The news cafe offers free copies of several Winnipeg publications and as you can see from Dave’s full arms he’s taken advantage of the opportunity to avail himself of the print material provided on the racks at the front of the restaurant.

This isn’t the first time the historic Albert or Alexandra Block has held a restaurant.  According to a Winnipeg Historical Buildings  report a Mr. Frank Mariaggi from Corsica opened a restaurant in the same spot in 1902, serving fine Italian food.  He had a farm just outside of Winnipeg where he grew the vegetables for his eating establishment. He also kept chickens and Jersey cows to supply the necessary dairy and poultry. The restaurant became very popular because it featured a Grotto in the basement with four cave-like dining rooms and a bar. In 1908 Mr. Mariaggi sold the restaurant and the luxury hotel he had also opened in the building, and moved back to Corsica. 

Apparently the building has almost the same appearance today as it did in 1901 when it was built by investors James and William Tupper, two Winnipeg corporate lawyers, who just happened to be the sons of Charles Tupper, Father of Confederation and a Canadian Prime Minister. William became Manitoba’s Lieutenant Governor in 1934. The building featured the same salmon colored brick in 1901. It came from Kettle River in northeastern Manitoba. 

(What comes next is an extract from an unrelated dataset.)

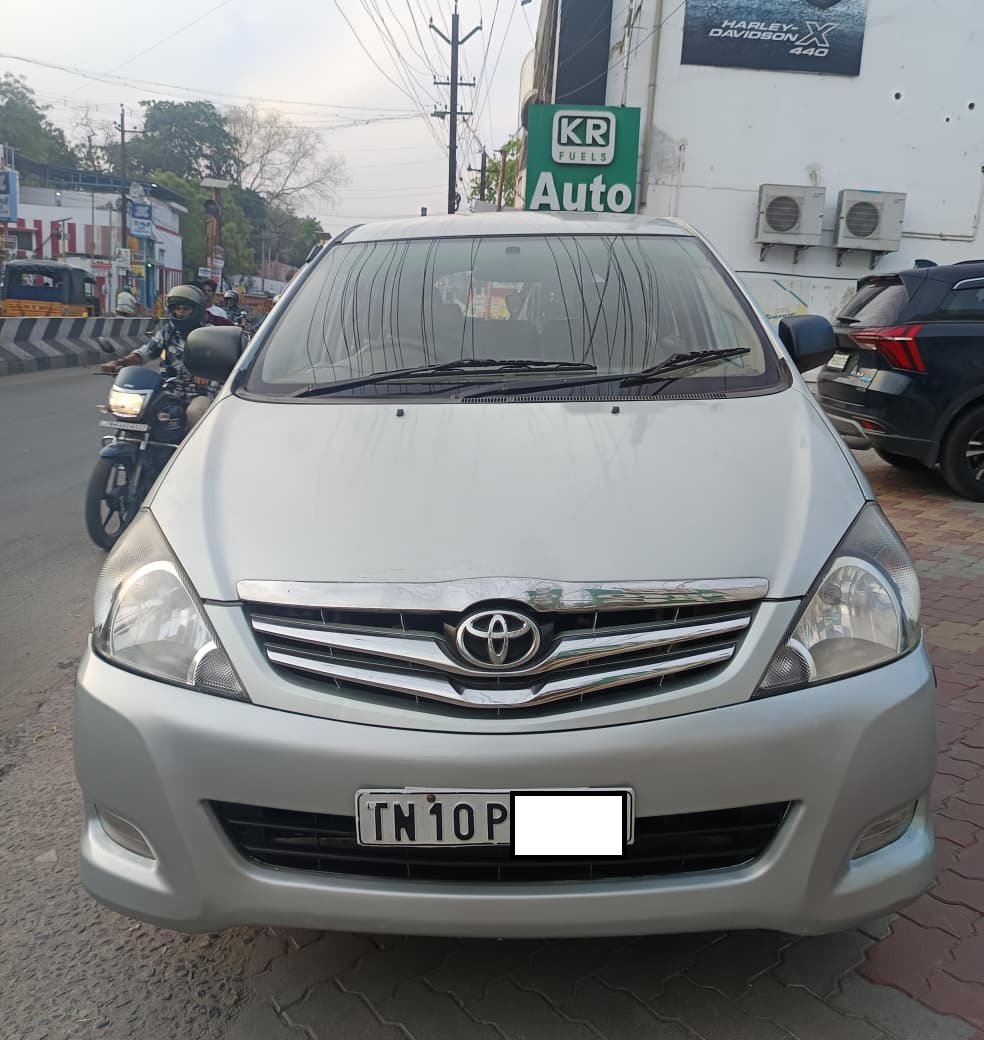 Toyota Innova G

But exciting as it may be to see your favorite Free Press columnist at a restaurant, and interesting as it may be to know you are dining in one of Winnipeg’s oldest buildings, the reason you go to a cafe is to eat and the Free Press News Cafe does not disappoint in this regard.  I had the vegetable tostado mentioned in Marion Warhaft’s recent review and a creamy, spicy broccoli-curry soup. 

My fellow diners, who each ordered one of the sandwiches featured on the menu agreed Marion had not been off the mark when she awarded the restaurant four stars.  

We live just a five minute walk away from the News Cafe and I know we will be back. What next? I’d like to try the breakfast menu and I notice tonight the cafe is hosting a poetry slam.  Sounds like fun!